*Task description*. Please restate exactly the lines from the one holding "Before treatment –" to the end of the material, including both ends and excluding every picture.

= = =

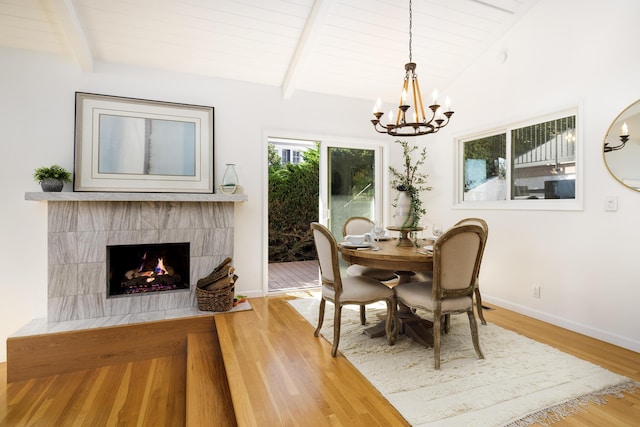 dining area featuring vaulted ceiling with beams, hardwood / wood-style floors, a fireplace, wooden ceiling, and a chandelier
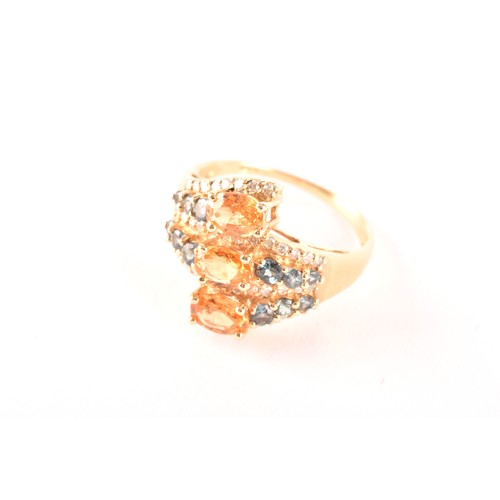 135 - A 14ct yellow gold, citrine, sapphire, and diamond crossover ring, set with three mixed oval-cut cit... 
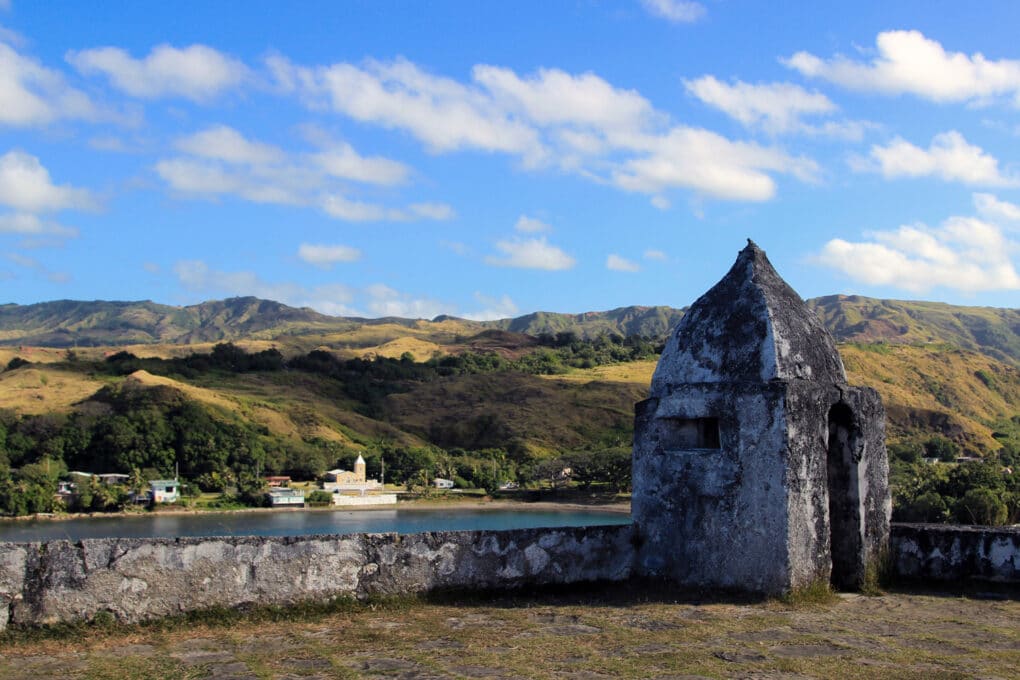 Color photograph of stone parapet and guardhouse overlooking a bay, with a church and green hills on the opposite shore.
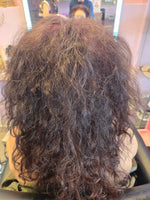 Before treatment – severely frizzy and damaged curly hair in salon, showing the problem RUTAM 360° PRO SHIELD is designed to restore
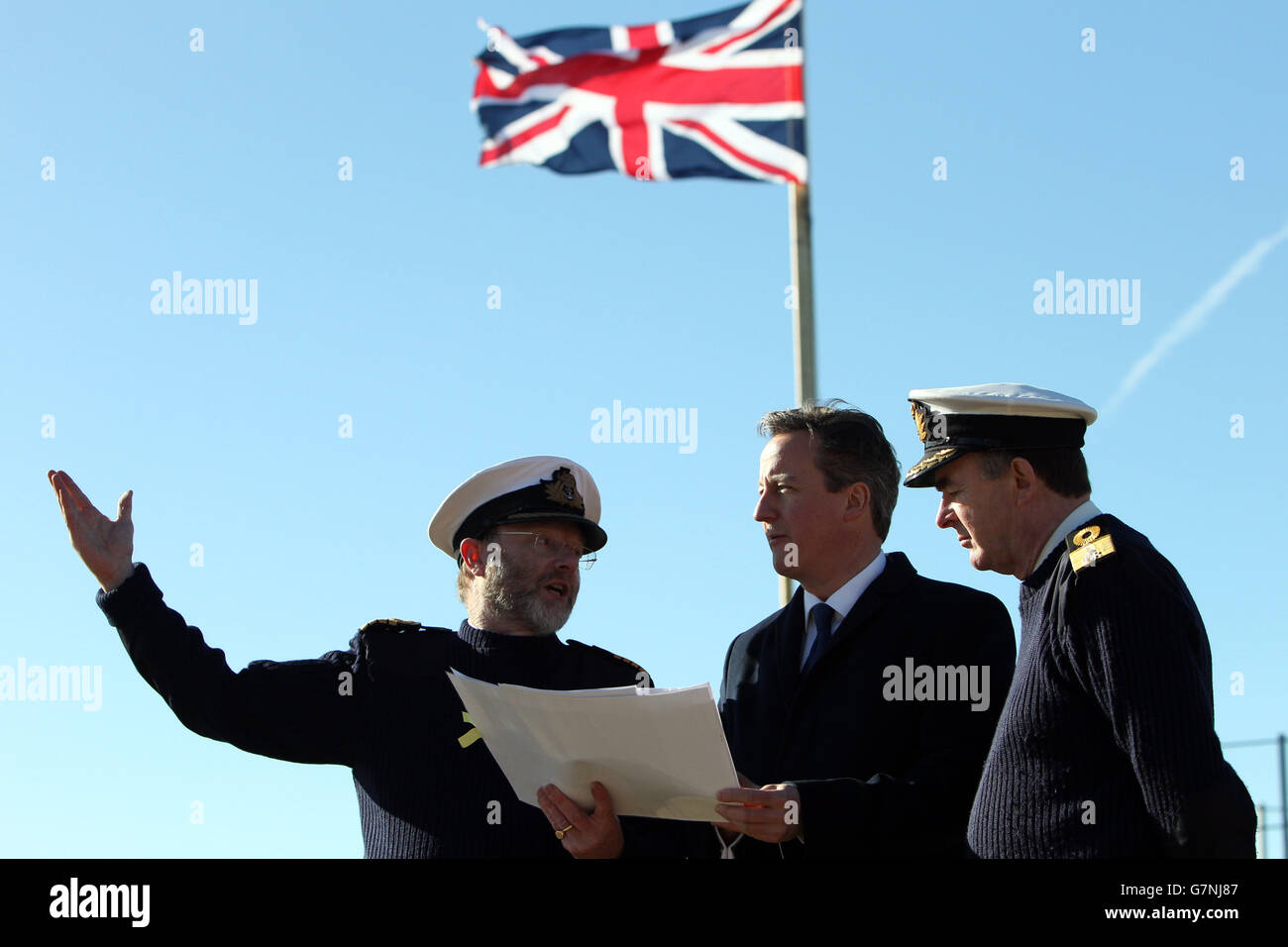 Prime Minister David Cameron looks at plans with Captain Iain Greenlees ...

= = =

*Worked solution*.
 Before treatment – severely frizzy and damaged curly hair in salon, showing the problem RUTAM 360° PRO SHIELD is designed to restore
 Prime Minister David Cameron looks at plans with Captain Iain Greenlees ...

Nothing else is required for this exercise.